Severity of emphysema, measured by CT, is a strong independent predictor of all-cause, cardiovascular and respiratory mortality in current and former smokers with or without chronic obstructive pulmonary disease (COPD), according to a study published online Jan. 18 in American Journal of Respiratory and Critical Care Medicine.
Airway wall thickness in patients with severe emphysema is also associated with mortality from respiratory causes, according to the researchers.
“Given the magnitude of CT examinations performed worldwide each year, predictive effects of such measures on mortality risks are of substantial importance,” wrote Ane Johannessen, PhD, post-doctoral researcher at Haukeland University Hospital in Bergen, Norway, and colleagues.
Findings were based on a community-based cohort of 947 ever-smokers with and without COPD who were followed for 8 years.
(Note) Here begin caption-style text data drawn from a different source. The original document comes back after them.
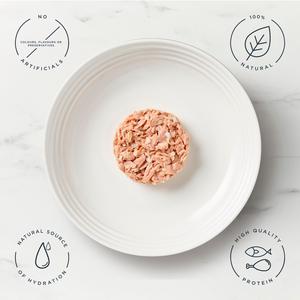Encore Tuna Fillet with Crab in Broth Dry Cat Food 70g - gallery image 2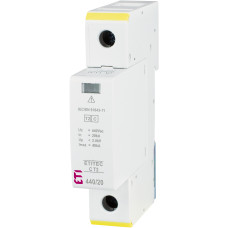 Обмежувач перенапруги ETITEC C T2 440/20 (1+0) 1p, RC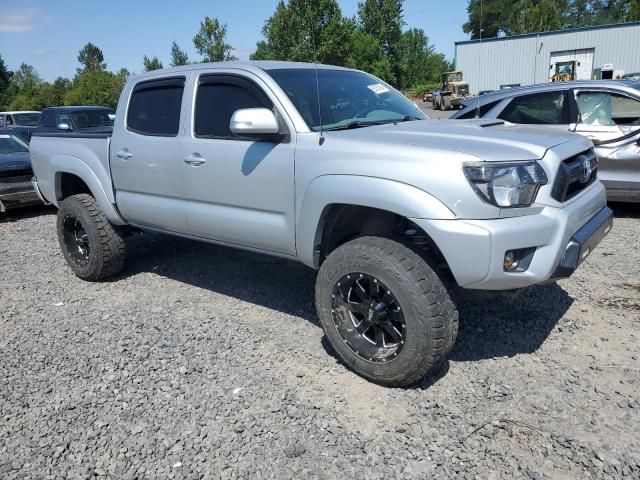 2013 Toyota Tacoma Double Cab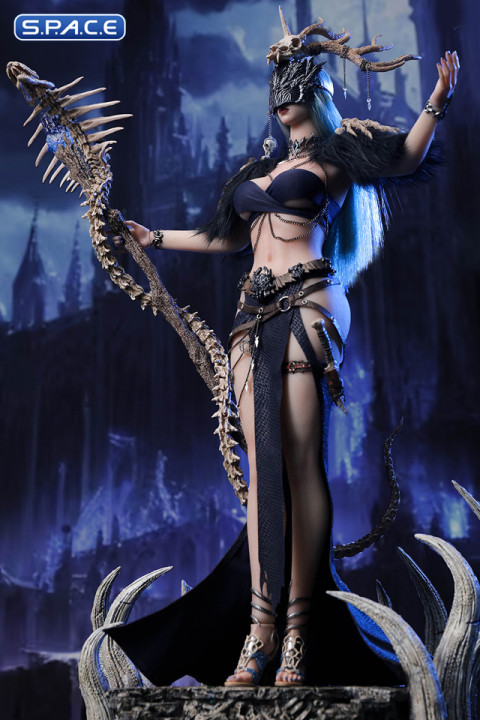 1/6 Scale Serpent Kin Oracle Motis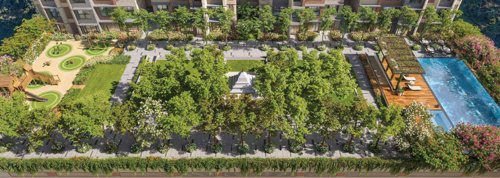  altus Landscape Garden and Tree Planting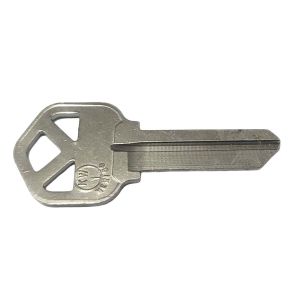 Blanco de llave tipo kwikset derecha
All participants underwent spirometry and CT scanning. Degree of emphysema was categorized as low, medium or high based on the percent of low attenuation areas on CT.
The authors explained that most COPD patients are assessed through spirometry alone, but that chest CT makes it possible to subgroup COPD patients into predominantly emphysematic and airways disease phenotypes.
Overall, 462 patients had COPD, reported Johannessen and colleagues. Results showed that 4 percent of subjects with a low degree of emphysema died, compared with 18 percent and 44 percent of subjects with medium and high degrees of emphysema, respectively.
Survival in the low emphysema group was 19 months longer than survival in the middle and high emphysema groups for all-cause mortality after adjusting for sex, COPD status, age, body mass index, smoking and measures of lung function. Compared with subjects in the low emphysema group, subjects with a high degree of emphysema had 33 months and 37 months shorter survival for respiratory mortality and cardiovascular mortality, respectively.
In speculating as to precisely why emphysema predicts respiratory mortality, the authors pointed out that emphysema has been shown to have a relationship with forced expiratory volume decline, inflammatory markers, white blood count, low muscle mass and osteoporosis. The exact nature of these relationships—whether emphysema is the cause or if certain conditions are part of the disease process—is unclear.
Increasing emphysema levels significantly predicted shorter survival. Airway wall thickness was not an independent predictor of mortality, though increased airway wall thickness reduced survival time in patients with more severe emphysema, according to the authors.
“Accurate prediction of mortality is important because it helps identify patients in whom the implementation of specific therapeutic measures may improve outcome,” wrote Johannessen and colleagues.